Naar deze gedragingen, die aanvankelijk werden aangemerkt als een gedraging van respectievelijk de minister van Defensie, de minister voor Vreemdelingenzaken en Integratie en de minister van Buitenlandse Zaken, werd een onderzoek ingesteld.
In het kader van het onderzoek werd de minister van Defensie, de minister voor Vreemdelingenzaken en Integratie en de minister van Buitenlandse Zaken verzocht op de klacht te reageren en een afschrift toe te sturen van de stukken die op de klacht betrekking hebben. Tijdens het onderzoek bleek dat de minister van Buitenlandse Zaken niet was betrokken bij de klacht, en daarom ten onrechte was aangemerkt als betrokken bestuursorgaan.

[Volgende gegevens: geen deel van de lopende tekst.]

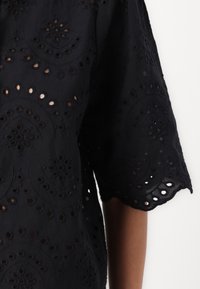 Svart brodert bluse med blomstermønster, åpne heklede detaljer og bølgete kanter på ermene. Myk kvalitet og avslappet passform.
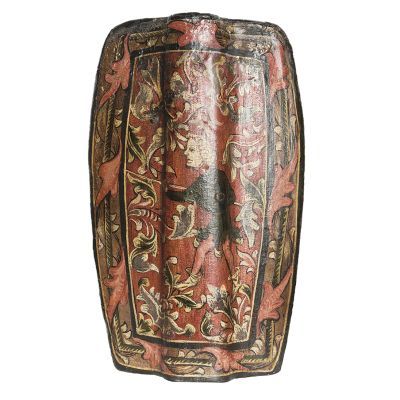 A red rectangular wooden shield painted with the image of a man with a spear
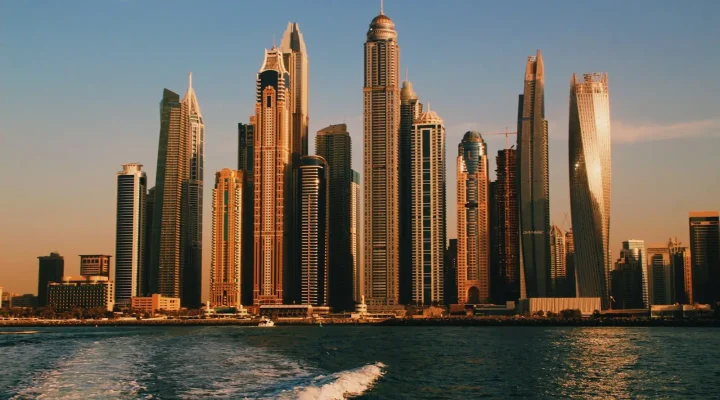 Dubai Marina vs JLT: Dubai Marina towers at sunset seen from the water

Tijdens het onderzoek kregen de minister van Defensie, de minister voor Vreemdelingenzaken en Integratie en verzoeker de gelegenheid op de door ieder van hen verstrekte inlichtingen te reageren.
Het resultaat van het onderzoek werd als verslag van bevindingen gestuurd aan betrokkenen.
De minister voor Vreemdelingenzaken en Integratie en de minister van Defensie deelden mee zich met de inhoud van het verslag te kunnen verenigen.
Verzoeker gaf binnen de gestelde termijn geen reactie.
Bevindingen
De bevindingen van het onderzoek luiden als volgt:
A. feiten
1. Op 24 december 2000 arriveerde verzoeker, op dat moment van Indiase nationaliteit, thans in het bezit van de nationaliteit van de Verenigde Staten, vanuit de Verenigde Staten op Schiphol. Verzoeker was op doorreis naar Ierland, maar had zijn bagage naar Amsterdam ingecheckt.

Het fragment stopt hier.